Durkheim wrote about different varieties of topics but based his main issue on the nature of social order and social solidarity.  Law and crime was seen as a main term to reveal development of the solidarity in society.  The developments of different forms of punishment are discussed in this essay.   Durkheim identified ‘two laws’

1) The Law of Quantitative Change
The intensity of punishment is the greater the more closely societies approximate to a less developed type – and the more the central power assumes an absolute character. 
 

2) The Law of Qualitative Change
Deprivations of liberty, and of liberty alone, varying in time according to the seriousness of the crime, tend to become more and more the normal means of social control.  

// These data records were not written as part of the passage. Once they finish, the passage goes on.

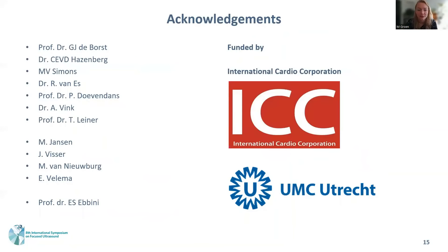Thank you for your interest. Please contact us if you have any questions or suggestions.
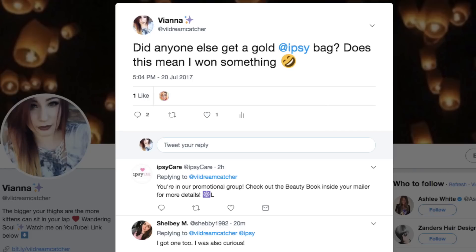Hey guys, it's V and today we are doing my monthly rock star or subpar — Ipsy versus Play by Sephora. We are going to unbox my bag from Play and my Ipsy bag, which is weirdly in a gold container this time. I don't know if they ran out of the pink or if I'm a lucky ticket winner, but we will find out. So let's go ahead and unbox each of my boxes.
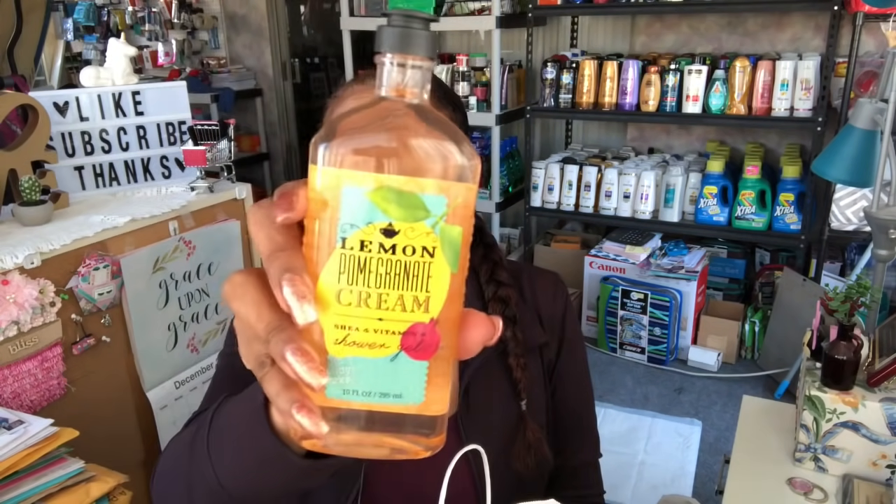I used my app which had a 10% off $40 coupon. She rang me up separately so I could maximize savings. These shower gels are 75% off. I got the Peach and Honey Almond with shea and vitamin E, the Lemon Pomegranate and Cream, and the Apple Blossom and Lavender — a nice springish scent since we're heading into spring. These are the only three things I didn't get in a set.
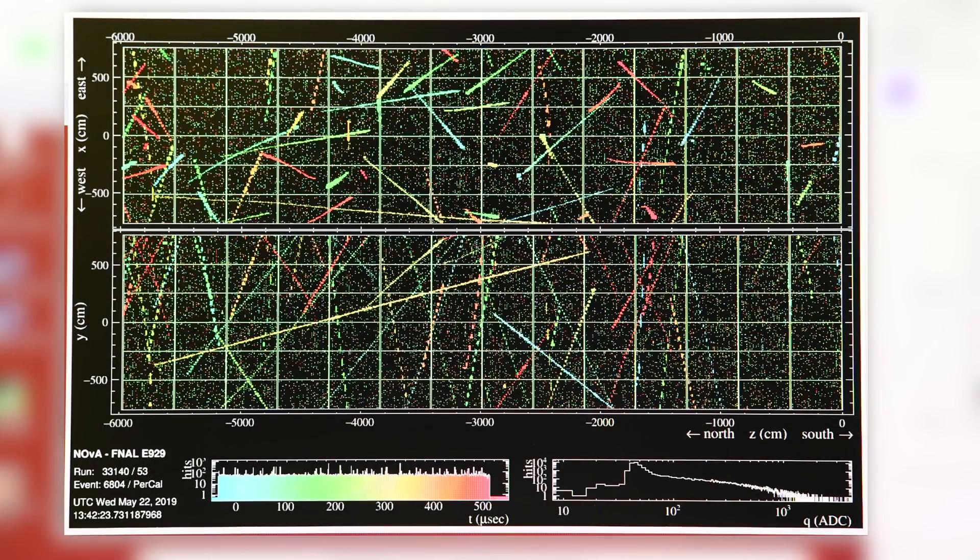I also work on the NOvA test beam experiment, where we're taking a tiny version of NOvA and putting it in a beam of charged particles — there's some interesting stuff you can do with that. First, it helps you calibrate your detector and understand the properties of your detector.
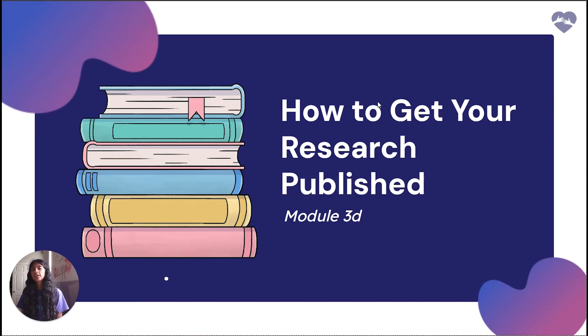Hi everyone, I'm Nithika Vivek and welcome to module 3e: how to get your research published. Getting your research published is a critical step in sharing your findings with the academic and professional community, but it requires more than just solid research. In this guide, we'll cover specific types of journals, because your work should align with the scope, audience, and quality standards of the publication. As a key tip, follow the journal submission guidelines carefully and be prepared for peer review, where experts in your field will evaluate your work for validity and relevance.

Whether one social type is more advanced than another it has only to be seen if it is more complex or more organised.  The societies are found at different levels and in these social conditions one looks at this as a general evolution of societies.  A government is usually based in an extremely complex society and does not posses an absolutist character, as it is not linked with any social type.  

‘In a very large number of ancient societies death pure and simple is not the supreme punishment’.  Several forms of punishment were established and used in the ancient societies to determine the characteristic.  The main command of punishment was distinguished between regular death sentences.  Punishment in ancient societies, the characteristics were divided into ‘seven categories: impalement on a pointed stake, being burned to death, being crushed to death under elephant’s feet, judicial drowning, having boiling oil poured into one’s ears and mouth, being torn apart by dogs in public, being cut in to pieces with razors’.  These forms of punishment as well as others were used over a period of time amongst the Egyptians, Assyrians, Syrians, French, Romans and Asians.  It was then considered by all that a certain deal of punishment being used was set.  It was not possible for all the offences to be listed that were punished in this way.  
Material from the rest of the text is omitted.